While I am a huge minis fan, I think whether you use them and a grid should depend entirely on if the encounter actually benefits from them. Back when I ran a celtic-themed campaign there were plenty of times when the characters were wandering through a forest, and I would roll for random encounters. If something did happen, I would have to stop the game, draw out a section of forest (trees included), have them place their characters, then monsters, then roll for initiative, then finally get to the actual encounter.

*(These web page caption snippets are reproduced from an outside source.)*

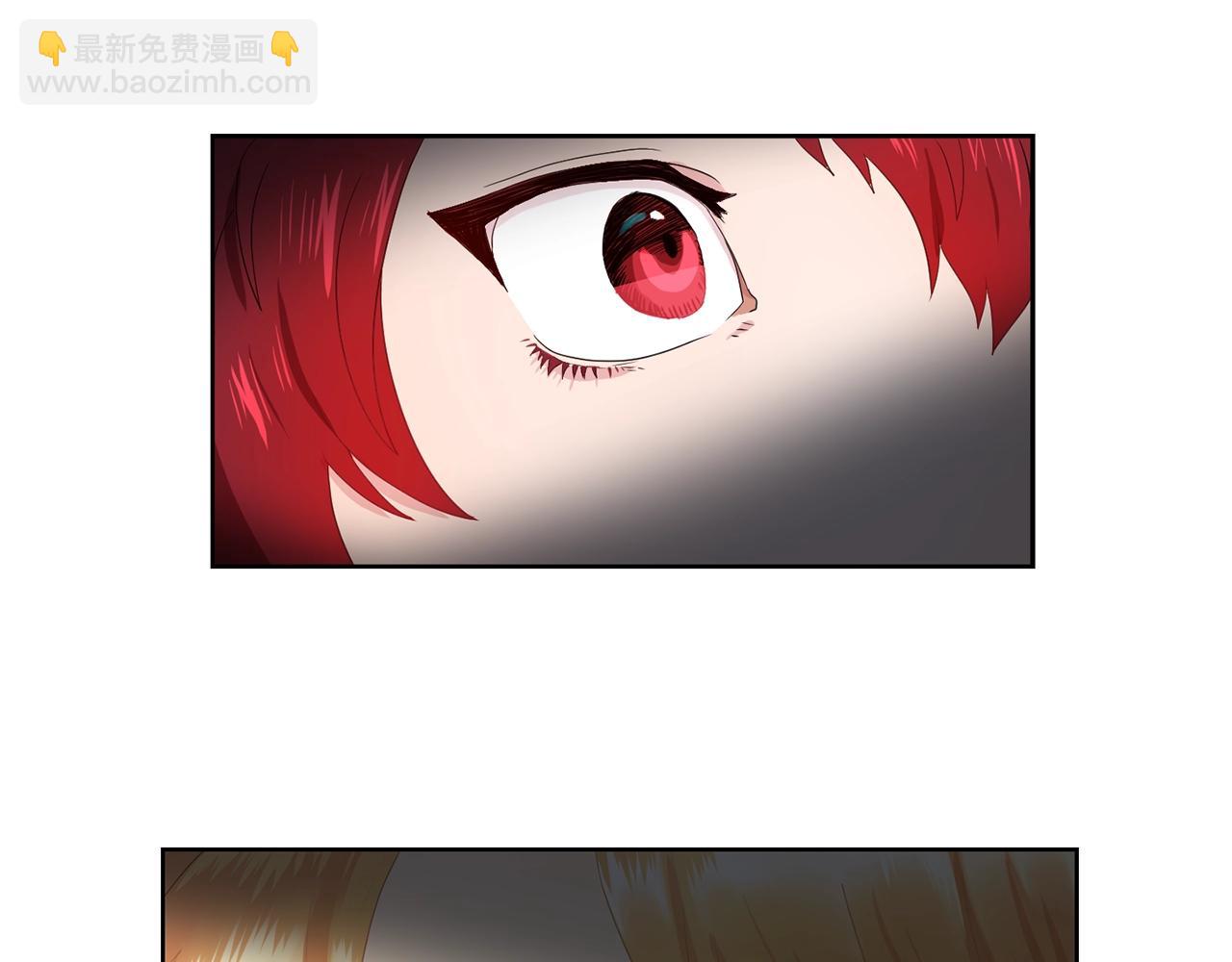 第36话 威胁66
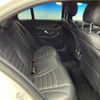 mercedes-benz c-class 2014 quick_quick_205042_WDD2050422F042738 image 10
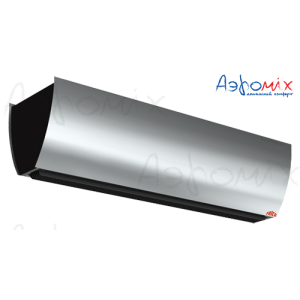 Воздушные завесы БЕЗ источника тепла  Frico PS215A   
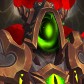 Vaedelthauc avatar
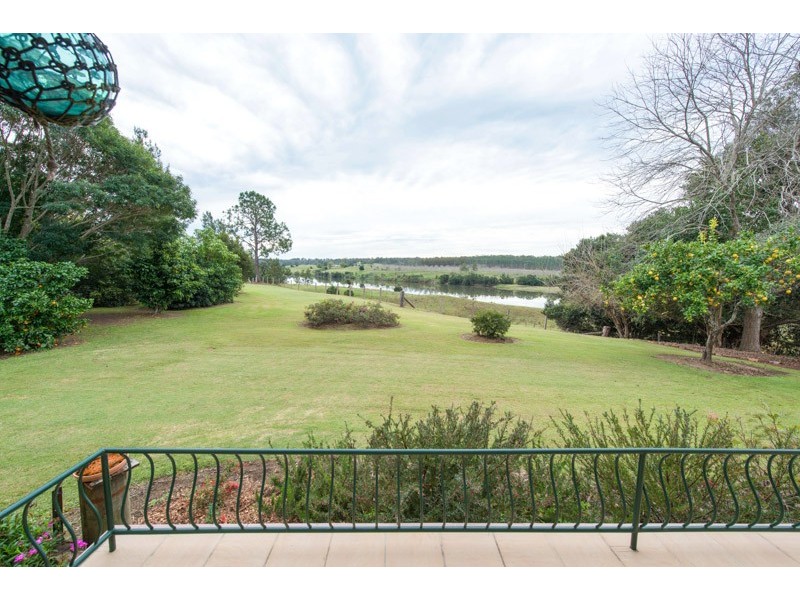 59 Orara Street, Eatonsville NSW 2460
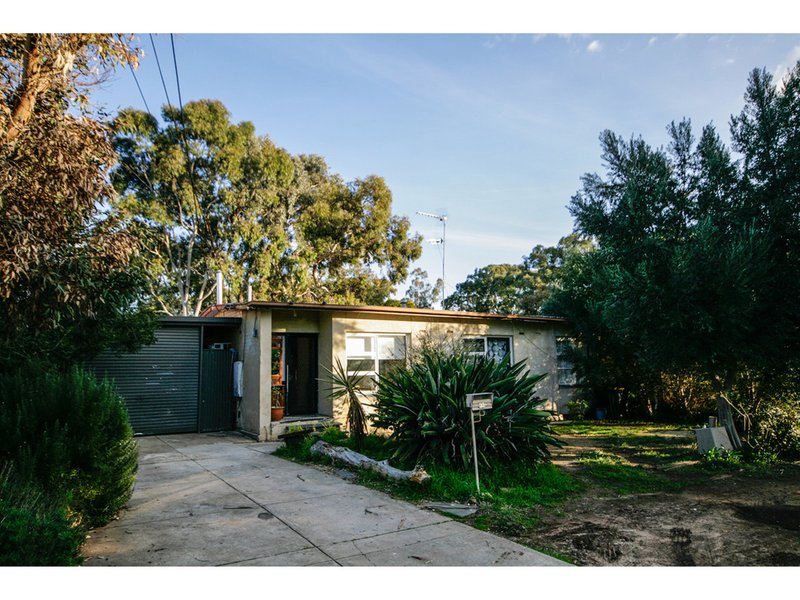 32a Maple Avenue, Rostrevor SA 5073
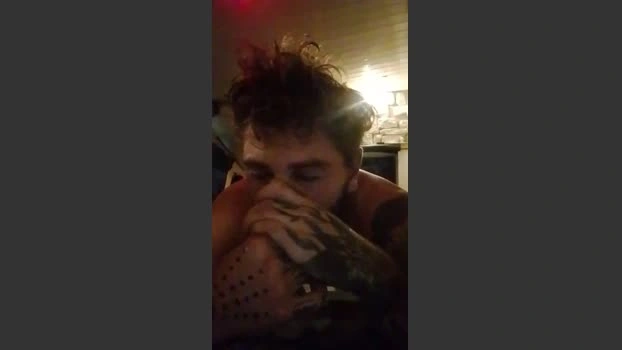 valentinv270391 Live 12-06-2026 Gay Cam skinny sexy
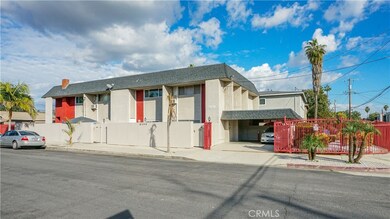 6104 Costello Ave, Van Nuys, CA 91401 - photo 2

Frankly the whole setup process was anticlimactic and a bit tedious. Knowing where trees, hills, rocks, etc were located was good for forced movement powers, positioning, cover from ranged attacks, and more...but in hindsight I could have just as easily told them that ranged attacks are at a -2 and that their speed is halved due to all the brush and other obstacles, in essence "tagging" the environment as you would in FATE. Avoiding the map would also maintain momentum by telling them that they have just been ambushed by cockatrices, and that they should really roll for initiative.

Another instance where I can see avoiding the map would be handy is when you are trying to freak out your players and/or run sequential combat challenges. When I tried to run Expedition to Castle Ravenloft, there were too many instances where the players would move, get into a fight, move, get into a fight, etc, so I spent a lot of time wiping down the map, drawing new terrain, and rolling new initiatives. Again, it got tedious, and the map gave them a good indication of where everything was.

Had I avoided using the map I felt that I could have immersed them more in the horror, not only because I would not have had to stop to draw things out, but the lack of map would have made them unsure of their surroundings (as well as allowing me to "cheat" if they tried to flee). Also not using exact minis meant that I could have described a monster and allowed them to mentally fill in the details on their own.

Where I think minis and maps can be really shine is for battles with varied terrain and things to manipulate. For example most of Keep on the Shadowfell did not really need a map. You could easily used abstracted movement to allow players to take a move action to close the distance with the kobolds, hide behind terrain, or just get really far away, and then just gone from there. Now the last battle with Kalarel? You had a blood pool, portal, stairs, pillars, etc to fiddle with, as well as a variety of monsters, so I think it was more worth it to use a map.

I have been using this approach in my current campaign to great effect, so am hoping that based on the poll results that WotC creates some decent rules for abstracting gridless combat.

{ 1 comments... read them below or add one }

  1. This is one of the places where virtual tabletops shine. I use Maptool, and I have a number of maps I've collected from various sources. When I need an ad-hoc encounter I can pull one out, throw on some tokens and we go.